PredationThe cutts in the pocket water were not shy to come to the fly if the presentation was right. On four consecutive days I landed a fish on either the first or the second cast of the day. In recent times there has been little human fishing pressure, and therefore the trout are not educated by UK standards. However there is intense predation of trout. The area is rich in top carnivores including Ospreys, Eagles, Otters and Mink. On several occasions I saw cutts that bore the talon marks of Ospreys.
And it is this significant level of predation, particularly from the air, that I think explains the character of the fishing. The water is fast moving, but everywhere punctuated by rocks and boulders or logs. The pools are very clear and some extremely deep, particularly along the canyon sections. The fish therefore prefer to hold in very small areas of slow water next to broken water, or deep in the pools. This strategy minimises the fish’s risks of being seen from the air.
Fly or presentation?
After the second day of fishing and over 50 trout caught and released (the Bull is catch & release with a maximum of two fish allowed to be killed per day - only one fly is allowed,) it became increasingly apparent that catching the larger cutts required different tactics. The cutts from the pocket water averaged 14 inches – a 16 incher was a good fish. But the larger cutts dominate the deep pools and grow on to 20 or so inches.

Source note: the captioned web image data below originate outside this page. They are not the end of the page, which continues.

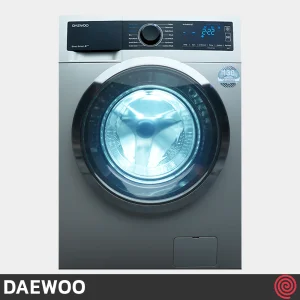 ماشین لباسشویی 8 کیلوگرم دوو مدل Daewoo LM-861SB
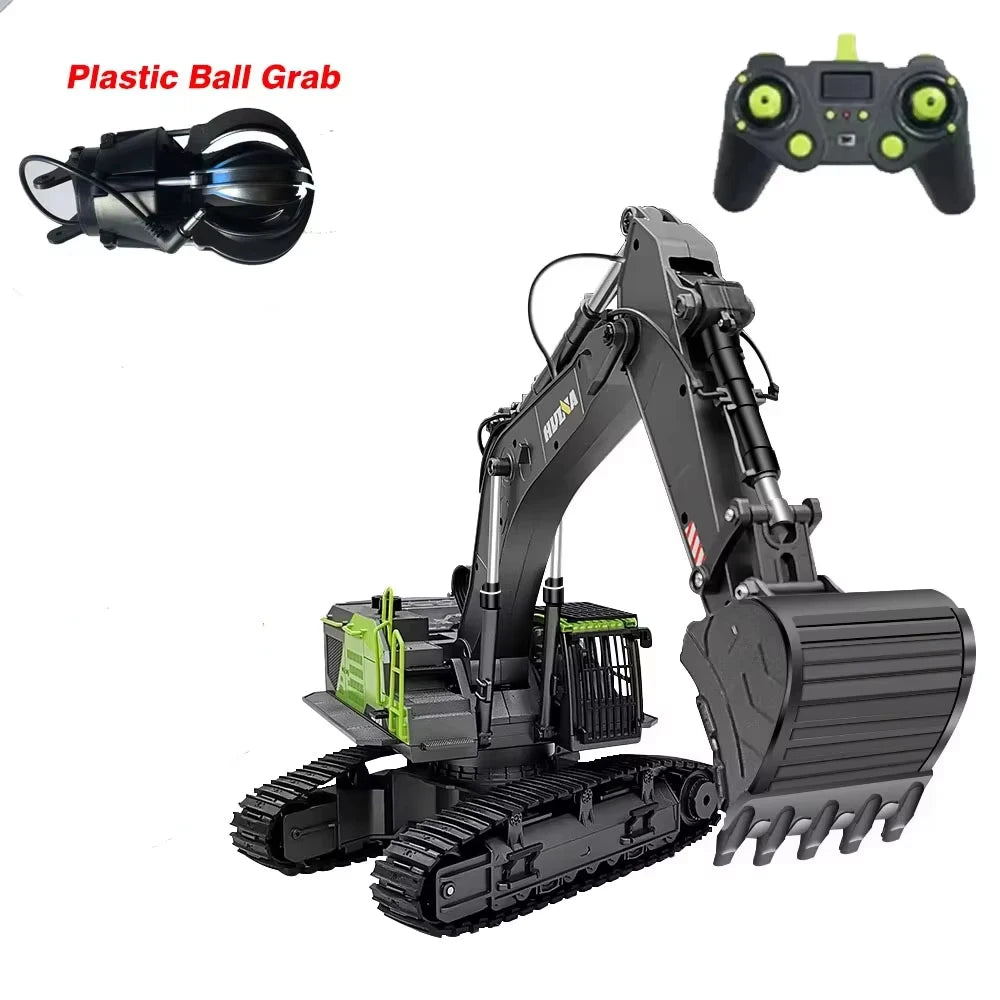 TitanX RC Alloy Excavator 1:14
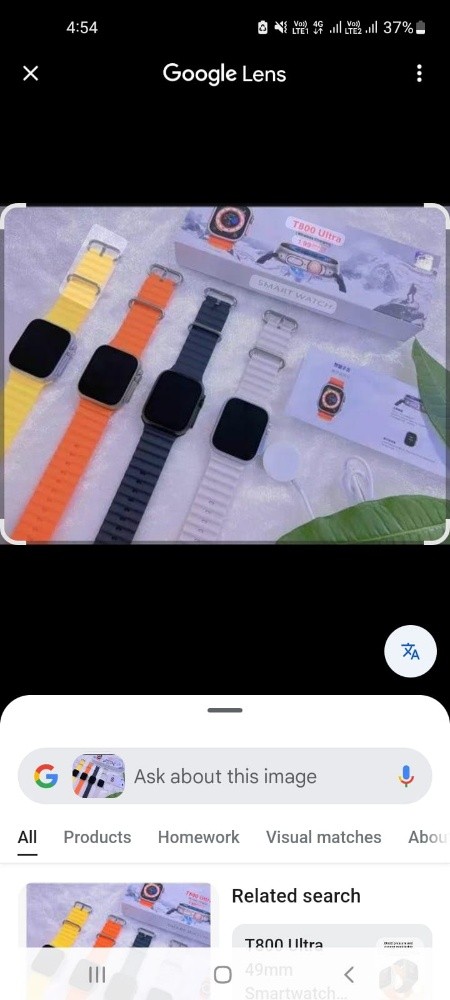 smart Watch for sale 100% granted - 4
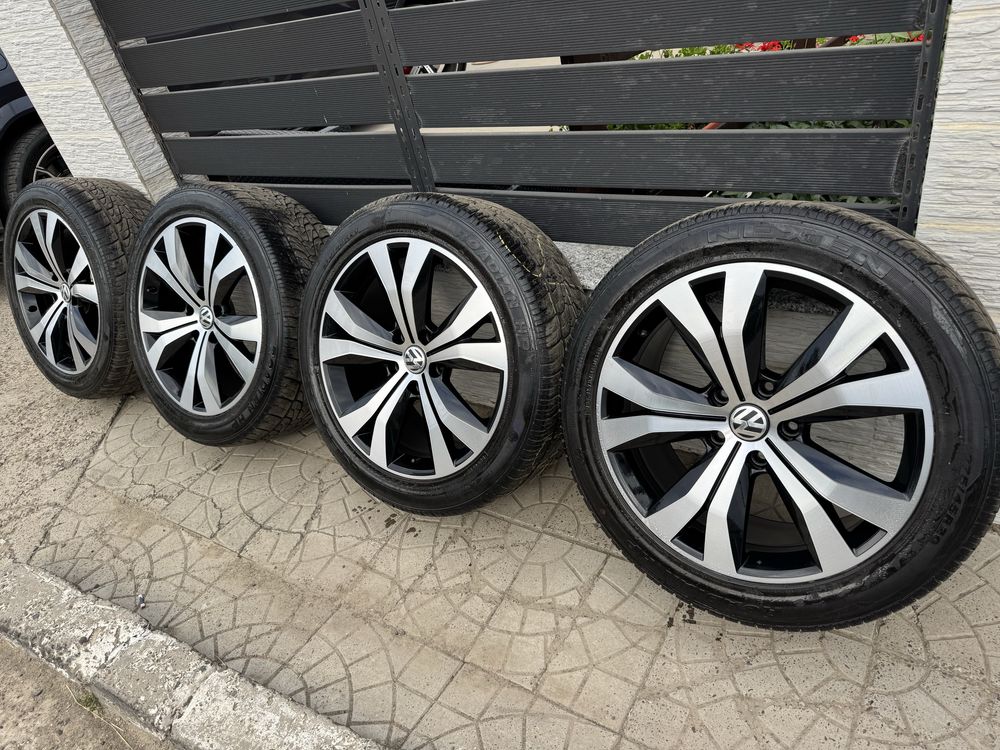 Jante Roti touareg 7p Rline 5x130 R20 tarragona! Noi! Oem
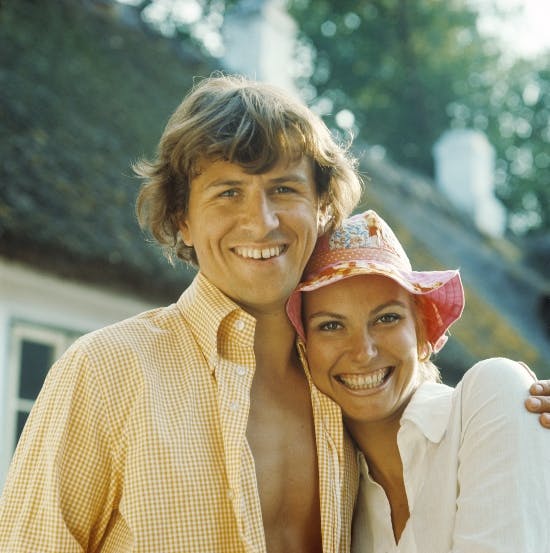 Flemming og Vivi Flindt.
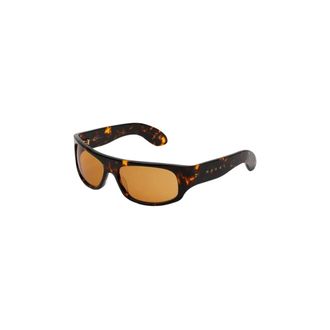 Marni unisex, Accessoires, Bruin, Maat: 62 MM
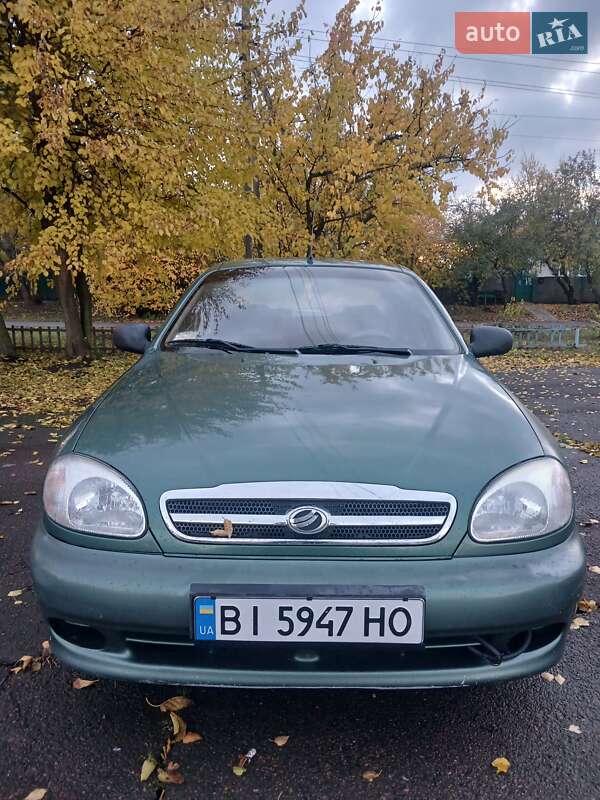 Седан ЗАЗ Sens 2011 в Варві фото Седан ЗАЗ Sens 2011 в Варві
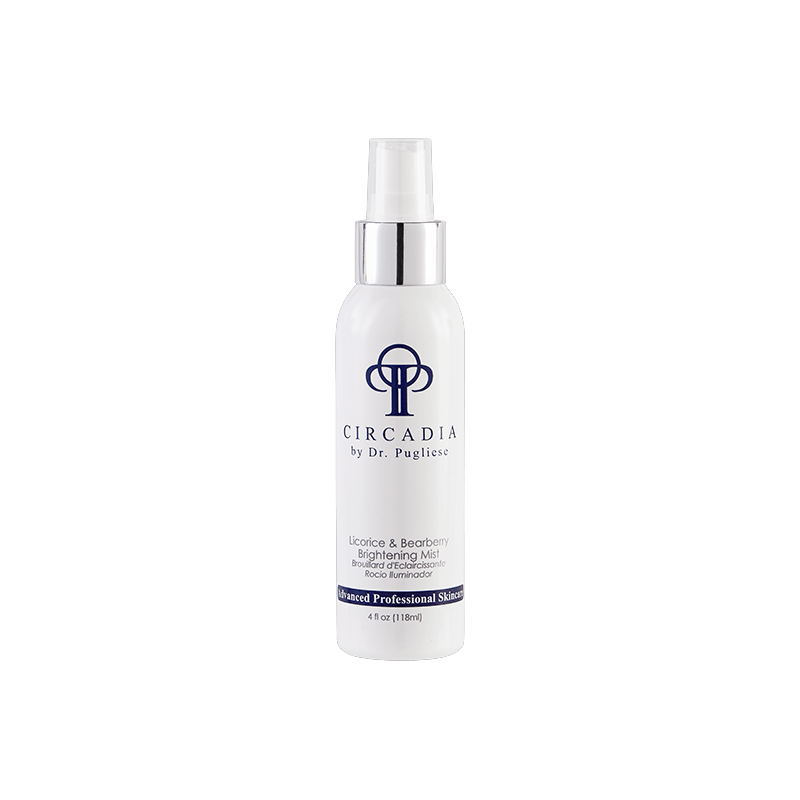 Licorice & Bearberry Brightening Mist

We targeted the larger cutts in the canyon pools, but these were a different proposition: these deep-holding trout were much more wary, having more time to inspect the offering and being more exposed in the crystal clear water. The Parachute Adams, the Griffiths Gnat, Elk Hair Caddis, so successful in the pocket water, did little to move them. We tried attractors, nymphs, wet fly on the lift, 15-foot leaders, size 6 tippets, and so on but without success. I still think about these larger cutts as I sit at my fly-tying table in the Winter. Perhaps a slightly weighted wet F fly made from grey CDC with a hint of sparkle in the body? Or perhaps it was the presentation rather than the fly? I will never know unless I go back!.
Yes it certainly felt to me like I might have been fishing Montana 40 years ago. I did not see another angler, indeed anyone else other than my fishing partner, the whole 5 days I was there over a 10 km stretch.